Tras una vida con las ventanas de la pasión abiertas al socaire de la brisa, y pudiendo deslizarme libremente al céfiro del gozo florido con sabor a bulbos redondos cual limoneros, conozco cortesanas de medio orbe, y todas ellas almacenan bajo su piel la misma sensación fofa y dulzona, la idéntica impresión de cansancio quejumbroso de aquella primera meretriz que nos tumbó sobre una tierra inclinada y húmeda en un recodo del camino, bajo la tapia del camposanto, en el brumoso barrio de aquella “tierrina nuestra”
Fue un deseo de crudeza y desgarro, dejando sobre la piel un olor penetrante a brillantina pegajosa, tan asfixiante que tardó días en desaparecer. Nos bañábamos mañana y tarde y seguíamos oliendo a lupanar, a noche recubierta de desliz, a conciencia escabrosa o inocencia perdida.
La segunda vez, el acto lascivo fue más sereno. A la muchacha tierna, dócil como retama, le salían de su rostro ovalado, blanco cual leche cuajada, dos ojos encendidos, brunos y profundos, dejando en el joven que yo era una envoltura de cadencia que aún hoy, cuando lo recuerdo, llega a mi encuentro con el furor de una atizada ilusión.

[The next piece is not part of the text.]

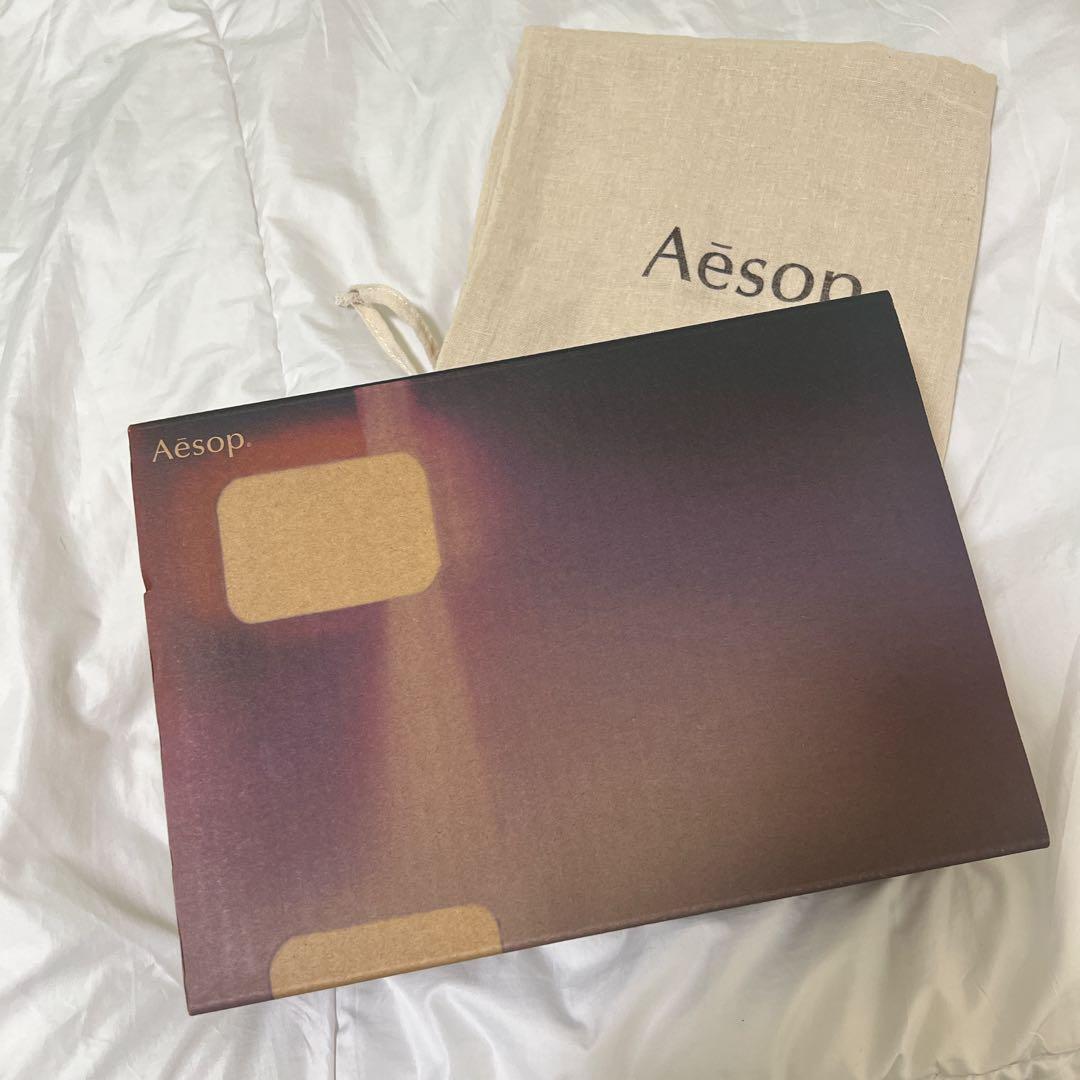 Aesop イソップ スクリーン3 ハンドソープ ハンドクリーム ボディソープ イソップ ハンドクリーム ハンドソープ ギフト セット Aesop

Ignoro si me enamoré al no haber hallado al costado del alma cicatriz alguna, pero sí una tenue evocación, y algunas noches, entre el aislamiento del hastío, siento su respiración sobre mi rostro y el cuerpo tiembla como si le envolviera la fiebre de heno.
Habiendo basculado hace tiempo en las alamedas otoñales los retazos sobrantes - ¡dios, cuantos eran! - del placer miramelindo, el amor a plazos con tarifa fija, sediento como pocos, medio a hurtadillas, e incomparable ante lo que guarda de gozo prohibido, es ya dentro de nosotros igual al reposo del guerrero que antaño libró batallas entre sábanas de lino a la luz de una palmatoria, y ahora únicamente percibe sombras alargadas, cadencias idas.
Con el paso de los días parsimoniosos, las pasiones - clementes o virulentas, y hasta las estoicas e insípidas- se van pegando a la piel hasta forjar la capa callosa que recubre la llamada experiencia, y en realidad es pesadumbre soldada a sueños truncados, anhelos no conseguidos e infortunios sin término. La supervivencia al desnudo, tal como debió haber sido siempre.
Uno sigue sintiendo, al ver a esas mujeres envueltas en luz de gas con luciérnagas efervescentes, que las cortesanas de la noche, al ser ellas sangre abrasada y sudor pegadizo, conocen a la hora del alba a los hombres sedientos y ven en nuestra mirada la juventud desgajada y los sueños truncados.
Ya somos aves haciendo nido en un añejo tronco.